The Need To Know
State college officials had a tough decision to make and we aren’t going to second-guess it.
Faced with the fact that a number of students on state-sanctioned trips overseas were in coronavirus hotspots, they were gathered and flown back to New York. As a precaution, it was decided they would undergo two-week quarantines despite testing negatively. At this point things went a bit awry.
Students were apparently given the option of being quarantined at college dorms that would be made available to them or be released into the custody of their parents.
We don’t know how which dorms were chosen, and that’s part of the problem: Local officials were given only scant details of the plan and the public was kept out of the loop altogether.
What exactly does quarantine mean? Some of the students were going to be released to their parents, we were told. Wouldn’t that expose more people? Wouldn’t the parent then require quarantine?
And what if the youngsters, sequestered in their lonely dorm rooms in the middle of the campus, decided on following the music to the nearby roadhouse? Is there security in place to prevent them? Will they be physically detained? It’s a fair question and assumption that among the 22 young people, there are a few who will test the system.
There seems to be a little too much of the “need to know” philosophy prevalent in the handling of the coronavirus outbreak, and this was but one example. As of this writing, county and state officials wouldn’t even acknowledge there was a patient in Stony Brook Southampton Hospital, even though he was communicating freely with friends and passersby.
To err on the side of caution, and to take an extra measure of prevention, is laudable — but to withhold information means someone has something to hide.

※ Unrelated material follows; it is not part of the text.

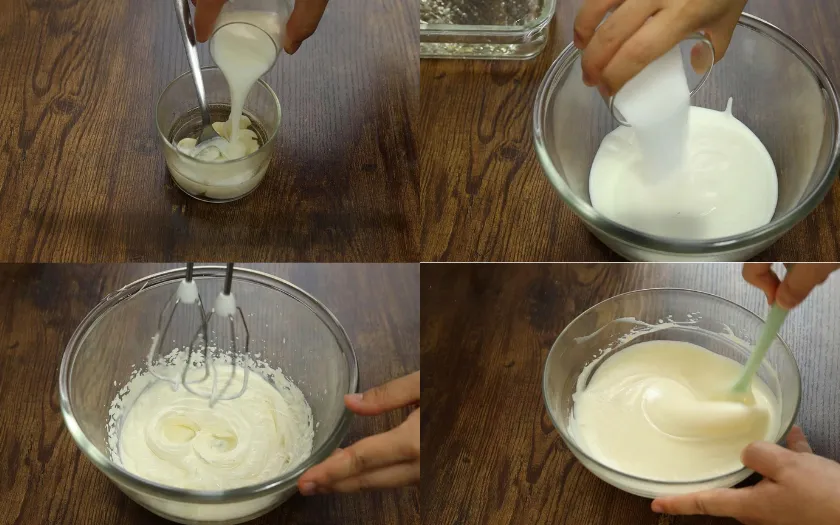 Hỗn hợp sữa chua hòa cùng gelatin tan chảy, trộn nhẹ nhàng với kem tươi đánh bông tạo kết cấu sánh mịn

The number of suspected cases will rise exponentially in the coming days, authorities tell us. The number of citizens who may have been exposed will likely rise into the stratosphere. Yet an Indy staffer in the hospital on March 9 was told there aren’t enough test kits to go around and that sick people were being turned away. Staffers complained surgical masks were in short supply.
This has turned into a political issue in some quarters, which is typical of the petty politics that pervades this country of late. It’s not a blame game or a shame game. It’s a crisis and the people are going to be the big losers unless government on every level unites in a concerted, determined effort to keep this thing contained.